Short web captions
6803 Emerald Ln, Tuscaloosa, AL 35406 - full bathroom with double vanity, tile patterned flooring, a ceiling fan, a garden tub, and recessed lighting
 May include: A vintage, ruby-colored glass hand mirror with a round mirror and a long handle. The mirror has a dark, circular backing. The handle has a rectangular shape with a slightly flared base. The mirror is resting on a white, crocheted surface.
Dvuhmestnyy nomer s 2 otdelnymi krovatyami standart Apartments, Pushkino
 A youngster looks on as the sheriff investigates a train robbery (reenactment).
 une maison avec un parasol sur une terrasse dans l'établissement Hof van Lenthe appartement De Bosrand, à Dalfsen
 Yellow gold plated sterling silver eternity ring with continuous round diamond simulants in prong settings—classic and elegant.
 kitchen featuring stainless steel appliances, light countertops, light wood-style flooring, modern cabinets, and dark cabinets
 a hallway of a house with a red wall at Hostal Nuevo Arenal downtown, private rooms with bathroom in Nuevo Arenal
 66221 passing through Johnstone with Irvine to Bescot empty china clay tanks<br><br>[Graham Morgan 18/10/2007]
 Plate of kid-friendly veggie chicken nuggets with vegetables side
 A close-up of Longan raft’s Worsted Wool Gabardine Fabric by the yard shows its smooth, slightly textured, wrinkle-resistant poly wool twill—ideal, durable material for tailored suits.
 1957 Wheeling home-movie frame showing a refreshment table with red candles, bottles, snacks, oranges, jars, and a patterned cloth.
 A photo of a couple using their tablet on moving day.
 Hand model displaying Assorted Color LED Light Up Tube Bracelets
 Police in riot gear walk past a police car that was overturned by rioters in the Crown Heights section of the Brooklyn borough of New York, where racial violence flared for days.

Work instructions: Taking the entries above, write out exactly each line from the one holding "May include: A" to the one holding "A close-up of", both included, and stop there.

Answer space:
 May include: A vintage, ruby-colored glass hand mirror with a round mirror and a long handle. The mirror has a dark, circular backing. The handle has a rectangular shape with a slightly flared base. The mirror is resting on a white, crocheted surface.
Dvuhmestnyy nomer s 2 otdelnymi krovatyami standart Apartments, Pushkino
 A youngster looks on as the sheriff investigates a train robbery (reenactment).
 une maison avec un parasol sur une terrasse dans l'établissement Hof van Lenthe appartement De Bosrand, à Dalfsen
 Yellow gold plated sterling silver eternity ring with continuous round diamond simulants in prong settings—classic and elegant.
 kitchen featuring stainless steel appliances, light countertops, light wood-style flooring, modern cabinets, and dark cabinets
 a hallway of a house with a red wall at Hostal Nuevo Arenal downtown, private rooms with bathroom in Nuevo Arenal
 66221 passing through Johnstone with Irvine to Bescot empty china clay tanks<br><br>[Graham Morgan 18/10/2007]
 Plate of kid-friendly veggie chicken nuggets with vegetables side
 A close-up of Longan raft’s Worsted Wool Gabardine Fabric by the yard shows its smooth, slightly textured, wrinkle-resistant poly wool twill—ideal, durable material for tailored suits.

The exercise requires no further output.